When you copy the material below, keep every line exact and drop the pictures.

GIVEN MATERIAL =>
╭──

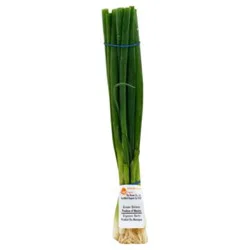 Sonora Sun Onions Green Bunch Organic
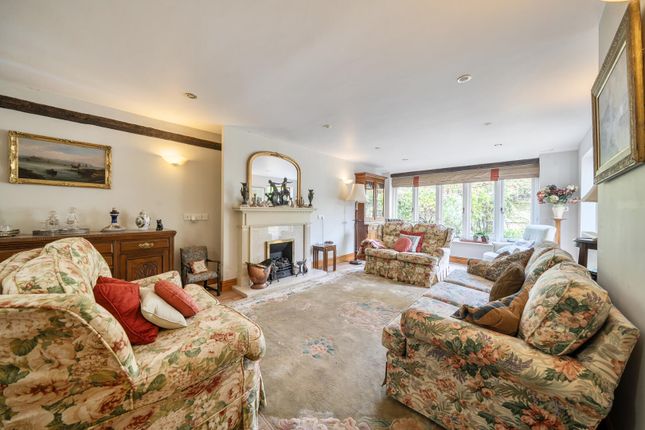 The Nook,, Silver Street, Bampton photo 4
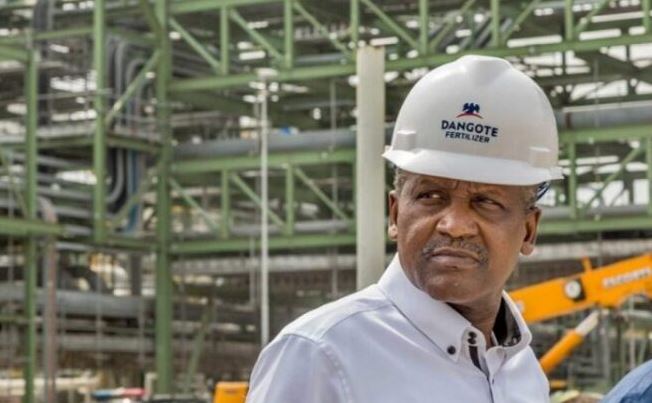 “Pump Shock!” Nigerians Wake Up to Sudden ₦100 Fuel Jump — Dangote Drops the Bombshell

╰──

WRITTEN SOLUTION =>
 Sonora Sun Onions Green Bunch Organic
 The Nook,, Silver Street, Bampton photo 4
 “Pump Shock!” Nigerians Wake Up to Sudden ₦100 Fuel Jump — Dangote Drops the Bombshell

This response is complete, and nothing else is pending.